* _About this exercise_
Write out the records again exactly. Nothing should be dropped.

--*--

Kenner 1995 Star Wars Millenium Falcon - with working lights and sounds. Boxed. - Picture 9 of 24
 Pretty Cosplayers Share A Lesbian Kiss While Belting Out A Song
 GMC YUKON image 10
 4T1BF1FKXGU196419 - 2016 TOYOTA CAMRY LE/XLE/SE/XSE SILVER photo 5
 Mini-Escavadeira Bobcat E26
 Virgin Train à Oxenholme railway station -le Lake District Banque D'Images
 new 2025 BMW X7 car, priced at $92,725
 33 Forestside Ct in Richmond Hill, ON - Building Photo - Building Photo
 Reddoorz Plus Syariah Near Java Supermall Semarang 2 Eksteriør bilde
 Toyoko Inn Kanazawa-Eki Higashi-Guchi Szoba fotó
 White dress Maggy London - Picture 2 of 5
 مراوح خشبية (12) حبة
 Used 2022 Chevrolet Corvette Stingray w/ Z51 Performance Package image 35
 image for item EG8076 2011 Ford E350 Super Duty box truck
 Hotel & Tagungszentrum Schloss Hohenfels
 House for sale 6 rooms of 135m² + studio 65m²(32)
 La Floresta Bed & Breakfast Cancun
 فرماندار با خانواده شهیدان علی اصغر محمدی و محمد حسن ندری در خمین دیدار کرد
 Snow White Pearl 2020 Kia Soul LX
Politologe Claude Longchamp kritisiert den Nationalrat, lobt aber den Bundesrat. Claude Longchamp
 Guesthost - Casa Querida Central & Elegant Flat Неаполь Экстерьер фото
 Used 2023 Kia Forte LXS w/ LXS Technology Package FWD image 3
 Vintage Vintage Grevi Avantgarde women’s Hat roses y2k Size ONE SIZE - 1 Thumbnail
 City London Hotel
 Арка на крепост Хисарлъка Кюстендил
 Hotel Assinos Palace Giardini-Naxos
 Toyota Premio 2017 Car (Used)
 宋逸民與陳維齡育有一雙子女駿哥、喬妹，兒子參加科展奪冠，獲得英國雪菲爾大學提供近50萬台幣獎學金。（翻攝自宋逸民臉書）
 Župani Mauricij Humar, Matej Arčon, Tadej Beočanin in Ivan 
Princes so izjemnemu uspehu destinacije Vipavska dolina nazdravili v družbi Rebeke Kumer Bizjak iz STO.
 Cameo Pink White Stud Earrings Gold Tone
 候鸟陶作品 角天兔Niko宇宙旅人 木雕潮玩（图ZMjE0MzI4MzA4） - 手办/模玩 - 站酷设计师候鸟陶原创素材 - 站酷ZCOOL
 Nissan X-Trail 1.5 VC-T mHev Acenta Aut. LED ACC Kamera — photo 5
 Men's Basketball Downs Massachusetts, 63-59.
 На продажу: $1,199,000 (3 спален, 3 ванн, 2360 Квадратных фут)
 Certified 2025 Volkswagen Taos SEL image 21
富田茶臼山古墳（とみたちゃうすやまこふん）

--*--

* _Solution_
Kenner 1995 Star Wars Millenium Falcon - with working lights and sounds. Boxed. - Picture 9 of 24
 Pretty Cosplayers Share A Lesbian Kiss While Belting Out A Song
 GMC YUKON image 10
 4T1BF1FKXGU196419 - 2016 TOYOTA CAMRY LE/XLE/SE/XSE SILVER photo 5
 Mini-Escavadeira Bobcat E26
 Virgin Train à Oxenholme railway station -le Lake District Banque D'Images
 new 2025 BMW X7 car, priced at $92,725
 33 Forestside Ct in Richmond Hill, ON - Building Photo - Building Photo
 Reddoorz Plus Syariah Near Java Supermall Semarang 2 Eksteriør bilde
 Toyoko Inn Kanazawa-Eki Higashi-Guchi Szoba fotó
 White dress Maggy London - Picture 2 of 5
 مراوح خشبية (12) حبة
 Used 2022 Chevrolet Corvette Stingray w/ Z51 Performance Package image 35
 image for item EG8076 2011 Ford E350 Super Duty box truck
 Hotel & Tagungszentrum Schloss Hohenfels
 House for sale 6 rooms of 135m² + studio 65m²(32)
 La Floresta Bed & Breakfast Cancun
 فرماندار با خانواده شهیدان علی اصغر محمدی و محمد حسن ندری در خمین دیدار کرد
 Snow White Pearl 2020 Kia Soul LX
Politologe Claude Longchamp kritisiert den Nationalrat, lobt aber den Bundesrat. Claude Longchamp
 Guesthost - Casa Querida Central & Elegant Flat Неаполь Экстерьер фото
 Used 2023 Kia Forte LXS w/ LXS Technology Package FWD image 3
 Vintage Vintage Grevi Avantgarde women’s Hat roses y2k Size ONE SIZE - 1 Thumbnail
 City London Hotel
 Арка на крепост Хисарлъка Кюстендил
 Hotel Assinos Palace Giardini-Naxos
 Toyota Premio 2017 Car (Used)
 宋逸民與陳維齡育有一雙子女駿哥、喬妹，兒子參加科展奪冠，獲得英國雪菲爾大學提供近50萬台幣獎學金。（翻攝自宋逸民臉書）
 Župani Mauricij Humar, Matej Arčon, Tadej Beočanin in Ivan 
Princes so izjemnemu uspehu destinacije Vipavska dolina nazdravili v družbi Rebeke Kumer Bizjak iz STO.
 Cameo Pink White Stud Earrings Gold Tone
 候鸟陶作品 角天兔Niko宇宙旅人 木雕潮玩（图ZMjE0MzI4MzA4） - 手办/模玩 - 站酷设计师候鸟陶原创素材 - 站酷ZCOOL
 Nissan X-Trail 1.5 VC-T mHev Acenta Aut. LED ACC Kamera — photo 5
 Men's Basketball Downs Massachusetts, 63-59.
 На продажу: $1,199,000 (3 спален, 3 ванн, 2360 Квадратных фут)
 Certified 2025 Volkswagen Taos SEL image 21
富田茶臼山古墳（とみたちゃうすやまこふん）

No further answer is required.